Task goal
Your task is to write out the entire listing exactly, omitting its pictures.

Supplied data
++++++++++

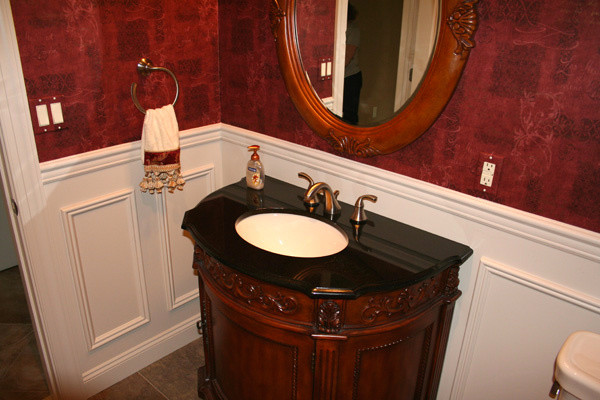 Idéer för att renovera ett mellanstort vintage toalett, med luckor med infälld panel, skåp i mellenmörkt trä, en toalettstol med separat cisternkåpa, röda väggar, klinkergolv i keramik, ett undermonterad handfat, bänkskiva i kvarts och brunt golv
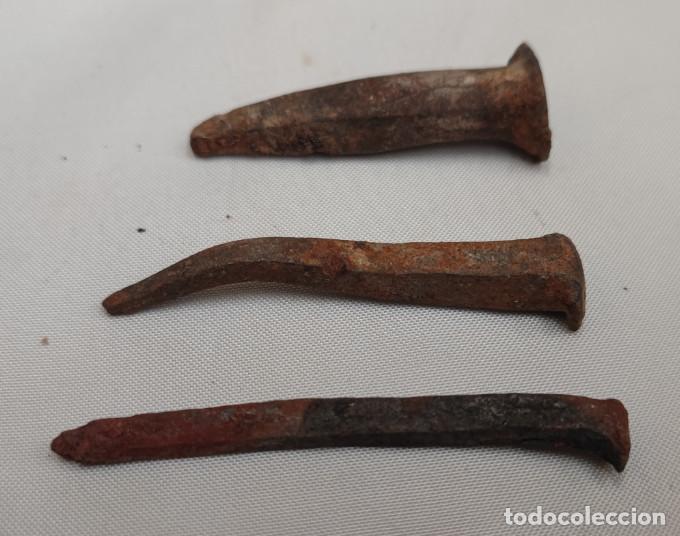 Antig&uuml;edades: LOTE DE 3 CLAVOS ANTIGUOS DE FORJA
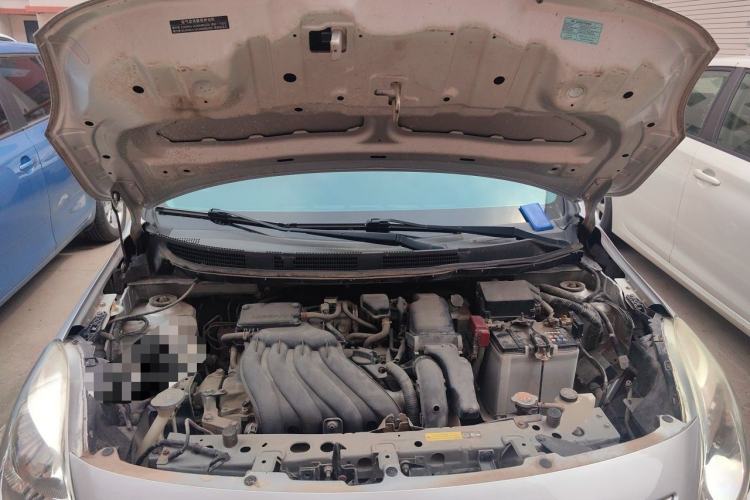 Used Nissan Sunny 2011 1.5XE Manual Comfort Edition Engine Bay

++++++++++

Task result
 Idéer för att renovera ett mellanstort vintage toalett, med luckor med infälld panel, skåp i mellenmörkt trä, en toalettstol med separat cisternkåpa, röda väggar, klinkergolv i keramik, ett undermonterad handfat, bänkskiva i kvarts och brunt golv
 Antig&uuml;edades: LOTE DE 3 CLAVOS ANTIGUOS DE FORJA
 Used Nissan Sunny 2011 1.5XE Manual Comfort Edition Engine Bay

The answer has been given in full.